Federal immigration authorities have deported a 9-year-old Torrance Elementary School student and his father to Honduras after the pair showed up for a routine immigration hearing last month.

Mártir García-Banegas, 50, and his son, Mártir García Lara, are in the capital of Honduras, reeling from their removal of their lives in the United States.

“I was scared to be here and I wanted to be with my sister,” García Lara told a Univision reporter in Tegucigalpa, Honduras.

His father arrived in the United States on July 10, 2021. He and his son were undocumented. An immigration judge ordered both the father and son to be deported to Honduras on Sept. 1, 2022, according to U.S. Immigration and Customs Enforcement.

The father appealed the decision to the Board of Immigration Appeals on Aug. 11, 2023, but the appeal was dismissed. The two did not leave the country as ordered by the immigration judge.

Before his last court hearing in the United States, García-Banegas said he got the impression that something was going to happen that day.

“I have a feeling they’re going to deport me. I can’t leave my son,” he told Univision. “I’m going to take him with me. I got up early that morning, took a shower and everything to get ready.”

On May 29, the boy and his father were detained at a federal courthouse in Los Angeles. The two were then transferred the following day to a federal immigration facility in Dilley, Texas, according to a Department of Homeland Security spokesperson.

“They are being cruel to people,” García-Banegas said about the treatment of undocumented people by the U.S. government. “Right now, people are behaving. If you look, you see things that are not [humane] things.”

Before it was clear what exactly happened to the boy and his father, the Torrance community scrambled to find answers. Members of the Torrance Elementary School PTA asked local officials for support to return the boy home.

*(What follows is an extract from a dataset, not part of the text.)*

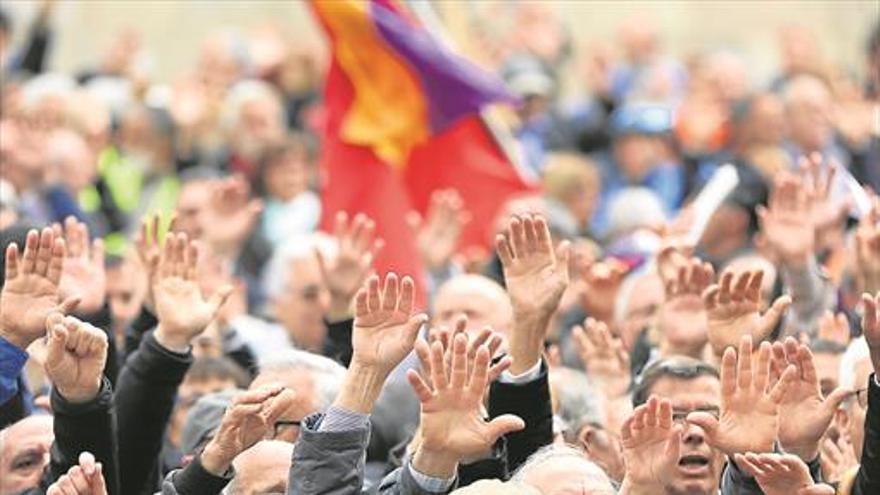 Los partidos blindan las pensiones con el IPC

García Lara has attended the school since he was in the first grade.

“I want to see my friends again, who are everything to me,” the boy told Univision.

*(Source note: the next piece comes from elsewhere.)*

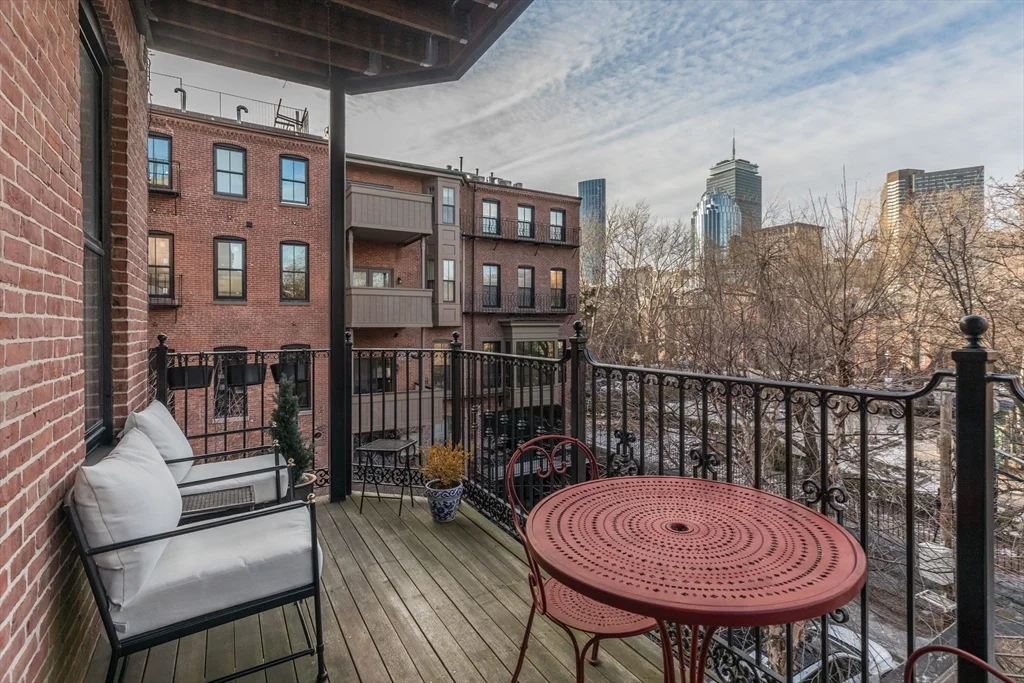 1 bed, 1 bath apartment for rent at 83 Montgomery Unit 2, South End — photo 7 of 11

For days, parents and community members only had partial information about the boy’s whereabouts.

“We’re all searching for answers,” Torrance Elementary PTA volunteer Ria Villanueva told The Times before it was revealed that García-Banegas and his son would be deported. “When something like this happens, it shakes all of us in the community. There’s not a child at our school that we don’t treat as our own.”

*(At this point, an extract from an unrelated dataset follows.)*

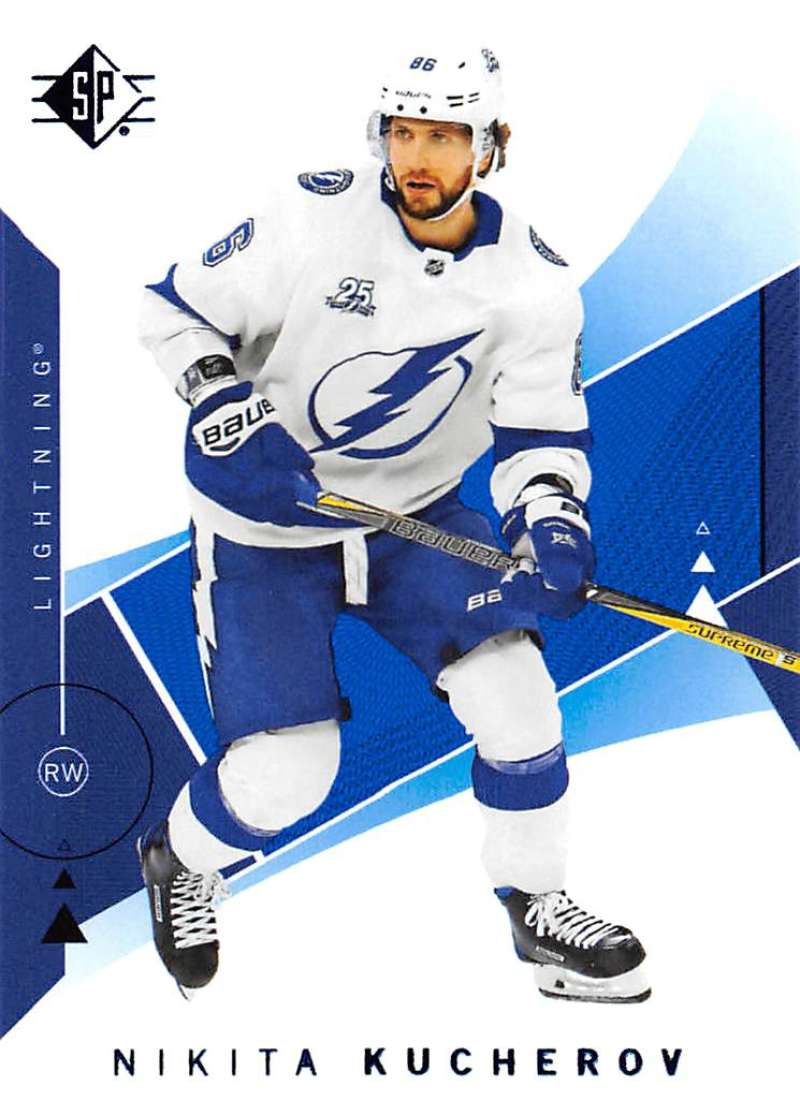 2018-19 SP  Blue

García-Banegas has an older son, who is about to graduate from high school in Los Angeles. His son Kevin arrived in California from Honduras about nine months after his father and younger brother.

García-Banegas and his younger son will remain in Honduras, but Kevin remains in the United States with his aunt, according to reporting from Univision. He recently applied for a juvenile visa with the help from an immigration attorney.

“It hurts that Kevin stayed there and he’s already grown up, but it hurts all of me,” the father said.